Lo esencial en esos sistemas políticos, de los cuales nunca dejaremos de señalar su origen de diseño por una minoría, es (1) la adopción de un conjunto de derechos constitucionales que definen con claridad un espacio de libertad negativa —libertad de— para el individuo, (2) la imposición de una particular visión cultural de las relaciones políticas que incita en los individuos la necesidad existencial de defender esos espacios, y las instituciones sobre las que se sostienen; (3) la estudiada promoción de múltiples poderes dentro de la sociedad, los cuales se equilibren y contrabalanceen los unos a los otros, para que entre sus contradicciones los individuos puedan encontrar el modo concreto de defender sus derechos constitucionales teóricos, y los amplios espacios de libertad negativa definidos por ellos.

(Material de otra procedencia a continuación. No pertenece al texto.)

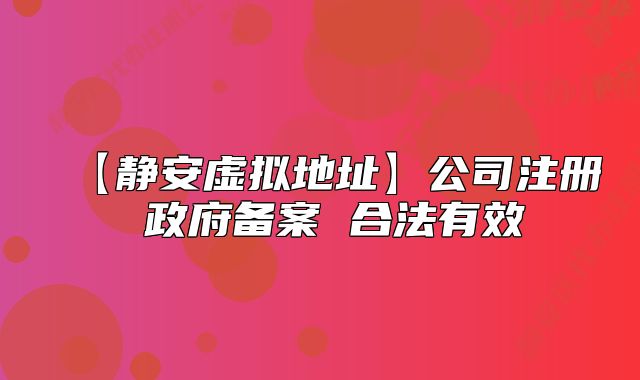 【靜安虛擬地址】公司注冊(cè) 政府備案 合法有效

Estos sistemas políticos son, hablando en propiedad, las polyteias, poliarquías, o individuocracias, ya que su principal interés es permitir la existencia del individuo moderno. En ellas los ciudadanos pueden hacer uso de sus libertades, tanto negativas como incluso positivas, al menos de una manera más completa a cómo podrían alcanzar a hacerlo en las democracias, o en los sistemas políticos en que gobierna alguna oligarquía. Esa mayor posibilidad de realización de la libertad de cada cual, a su vez, dota a la sociedad individualista de una potencialidad muy superior para encontrar en sí misma respuestas a los desafíos de la realidad, a los problemas que esta le presenta constantemente a su existencia y estabilidad. En parte al permitir, como ninguna sociedad anterior, la diversidad individual, y en parte al dotarla de una más eficiente capacidad de recirculación de las élites, lo que hace mucho más probable que los portadores de esas respuestas, o soluciones, logren abrirse paso hacia el lugar social correcto, hacia el gobierno.

En consecuencia, tanto utilitaria, como éticamente, es evidente la superioridad de la individuocracia o poliarquía a la democracia, y por supuesto, a los gobiernos de minorías privilegiadas, fosilizadas o creadas sobre el culto a la mediocridad.

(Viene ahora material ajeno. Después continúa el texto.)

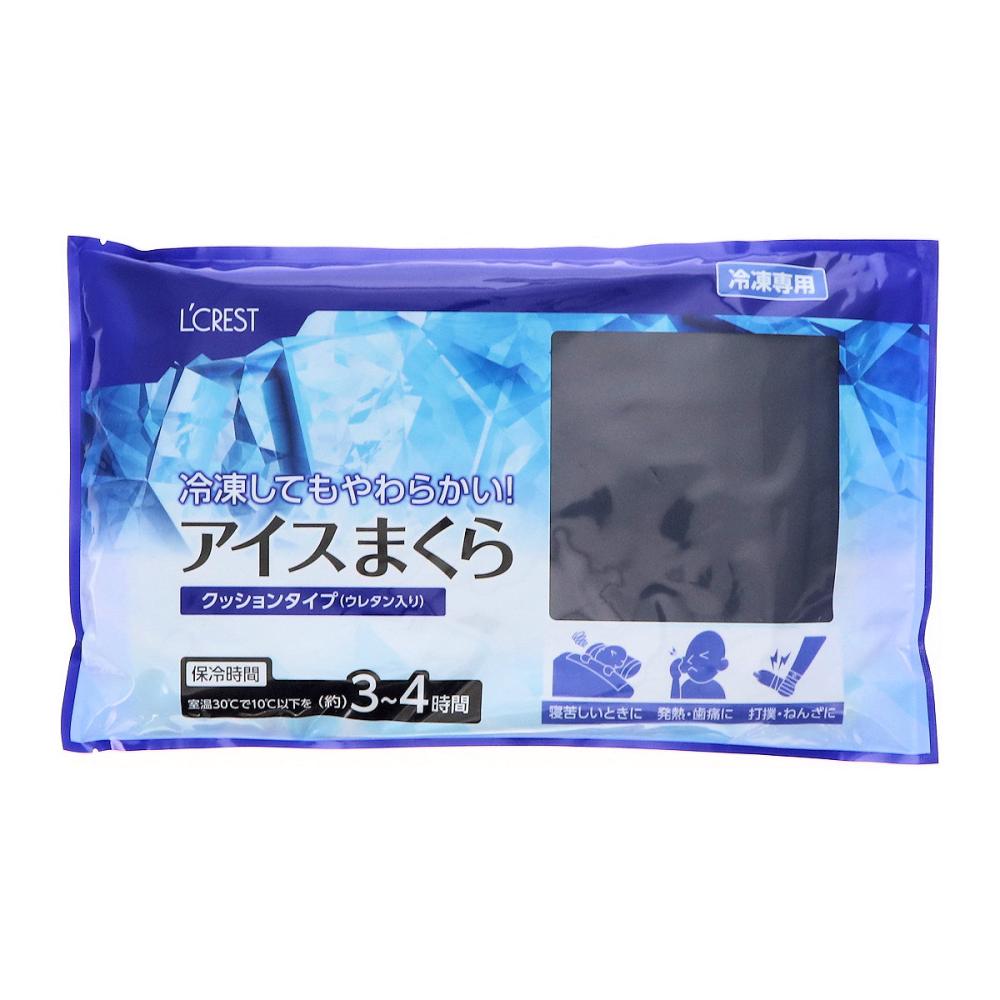 Ｌ’ＣＲＥＳＴ（ルクレスト）　アイスまくら　クッションタイプ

Como hemos dicho, las poliarquías, polyteias o individuocracias han sido concebidas de modo intuitivo para resolver un problema concreto: permitir la existencia de sociedades de individuos. Y como no existe ninguna razón para creer que todo problema concreto solo tenga una única solución, ni tampoco que la primera encontrada sea necesariamente la más óptima, no hay razones para afirmar que la forma específica de las poliarquías, polyteias o individuocracias tenga necesariamente que estar reducida a la que hoy ha adoptado en países como los Estados Unidos, Francia, Reino Unido, Alemania… Cualquier solución política que permita resolver de manera satisfactoria ese problema no debe ser excluida, por más que no se amolde a las formas tradicionales.


[i] Esa es la historia de las verdaderas revoluciones populares, aquella, resultado de las explosiones sociales del pueblo, desde la Antigüedad: tras el pueblo destruir al gobierno anterior, indefectiblemente una minoría, según ella misma revolucionaria, ocupa el poder.

[ii] Para el individuo libre la democracia es en todo caso un enemigo tan o más formidable que la monarquía.

[iii] Es evidente siempre deberá haber minorías especializadas en el gobierno, ya que la alternativa, el gobierno de la mayoría, implicará sucumbir al imperio del dogma y la tradición. Con la consecuente parálisis de la capacidad de la sociedad para adaptarse a una fluyente, e indiferente —a nuestra existencia en ella—, realidad.